Figure 2. Global changes of protein expression in primary human CD4+ T cells after 2 h and 4 h activation.
(a) Value-ordered plot of log2 stimulated (H)/non-stimulated (M) ratios ± 1 s.d. for each quantified protein at 2 and 4 h. H/M ratios were obtained from three independent experiments, each one including three separate nanoLC-MS/MS analyses. Differentially expressed proteins (P < 0.05) are coloured orange. The top five up-regulated proteins are indicated in black. (b) Volcano plot of log2 H/M ratios vs. −log10 P-value for each quantified protein (the threshold for P < 0.05 is indicated). Differentially expressed proteins (P < 0.05) are coloured orange. See online Methods for MS data quantitation and statistical analysis.
Figure 3. Interaction network of differentially expressed proteins after T cell activation for 2 and 4 hours.
An interaction network of differentially expressed proteins in primary T cells after 2 and 4 h of stimulation was constructed in MetaCore and visualised using Cytoscape. Red and blue coloured proteins indicate up- and down-regulation, respectively. Red lines: positive regulation, blue lines: negative regulation, black lines: unspecified interaction. TR, transcriptional regulation. B, binding. GR, group relation
The use of ‘medium’ and ‘heavy’ SILAC overcame potential confounding effects in quantitation due to persistent signals from ‘light’ peptides, likely derived from contaminating untagged pre-existing proteins. After affinity purification, ‘heavy’- and ‘medium’-labelled proteins typically represented 10-20 % in hCD4+ T cells (data not shown), a substantial enrichment, as only << 1% of total proteins were labelled after a 2 h pulse.
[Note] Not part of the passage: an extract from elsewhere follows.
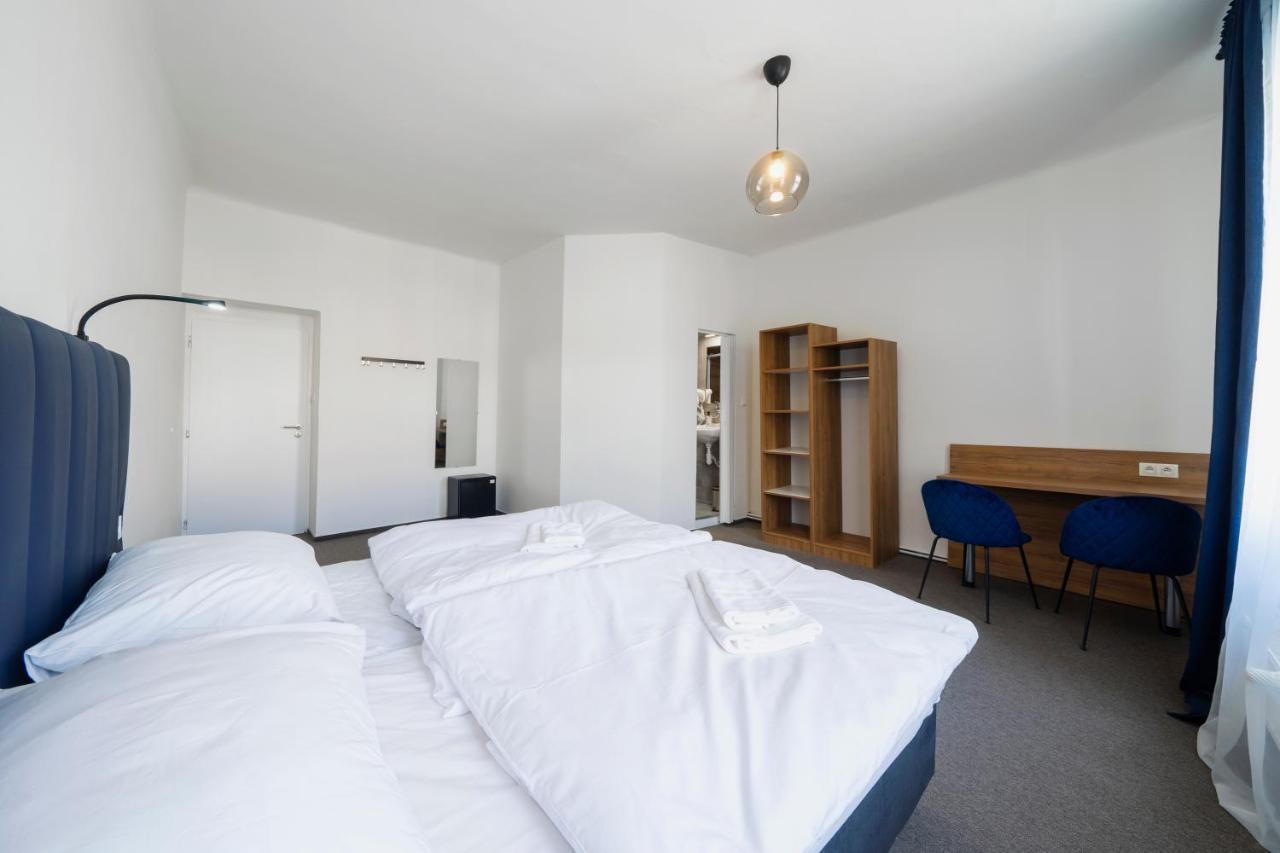 Hotel Bayer Пилзен Екстериор снимка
The ability to quantitate relative differences in abundance of many cellular proteins reveals the power of QuaNCAT and should be applicable to shorter and longer kinetics. However, long-term methionine starvation affects cellular methylation of proteins and nucleic acids and prolonged AHA pulses could be sensed by the cellular machinery as some proteins may be affected by AHA incorporation. We did not notice stress in T cells when pulsed for up to 4 h with AHA, but longer pulses certainly require one to carefully evaluate potential toxicity effects. Application of QuaNCAT for relatively short times after cellular perturbations should enable quantitative monitoring of the most dynamic pool of the proteome, which is likely to be the one of most biological interest. Moreover, 2-4 h of AHA/SILAC pulse-labelling applied several hours after cell stimulation would also allow one to monitor proteomic changes at late stimulation time points and avoid adverse effects due to lengthy methionine starvation.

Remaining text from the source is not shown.